No pictures belong in the copy. Restate the rest of the data exactly.
BEGIN The data
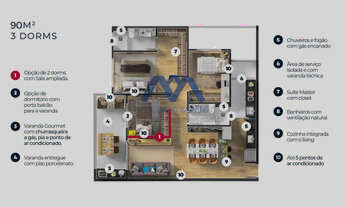 Imagem 6: Lançamento Novara Living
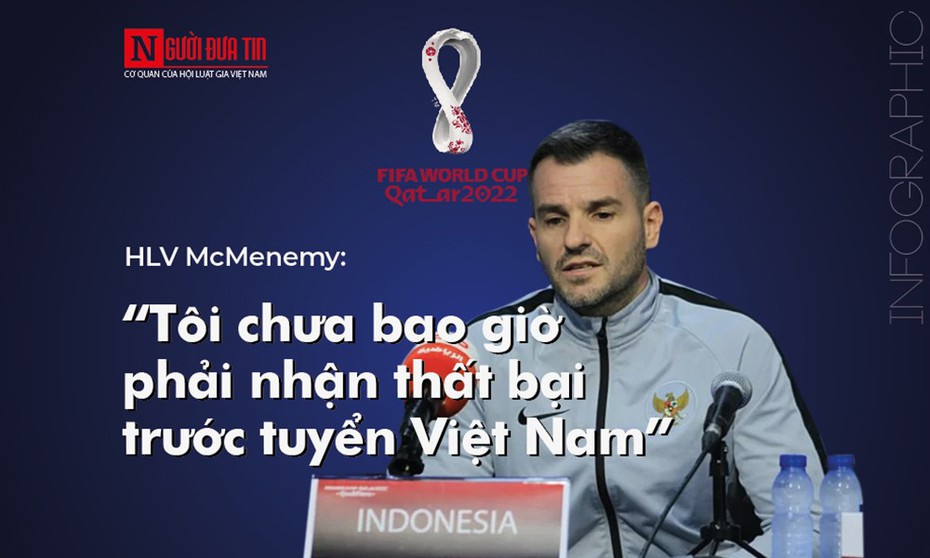 HLV trưởng ĐT Indonesia Simon McMenemy: “Tôi chưa bao giờ phải nhận thất bại trước tuyển Việt Nam”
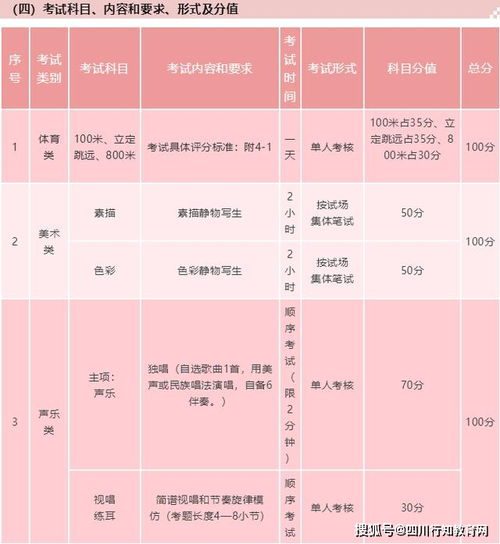 玉林实验中学关于玉林市2020年初中学业水平特长生术科考试建议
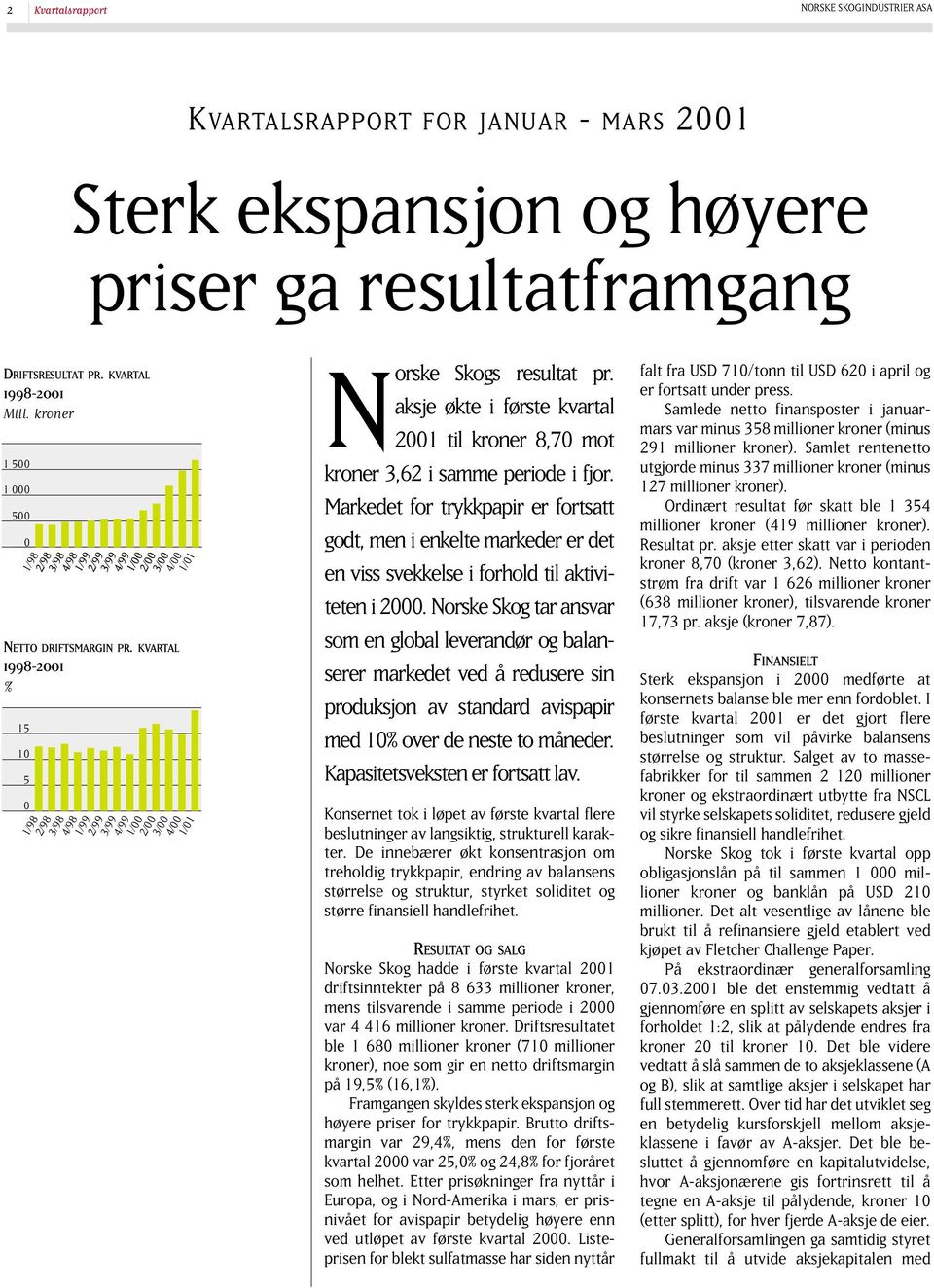 aksje økte i første kvartal 21 til kroner 8,7 mot kroner 3,62 i samme periode i fjor.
END The data
• Result:
 Imagem 6: Lançamento Novara Living
 HLV trưởng ĐT Indonesia Simon McMenemy: “Tôi chưa bao giờ phải nhận thất bại trước tuyển Việt Nam”
 玉林实验中学关于玉林市2020年初中学业水平特长生术科考试建议
 aksje økte i første kvartal 21 til kroner 8,7 mot kroner 3,62 i samme periode i fjor.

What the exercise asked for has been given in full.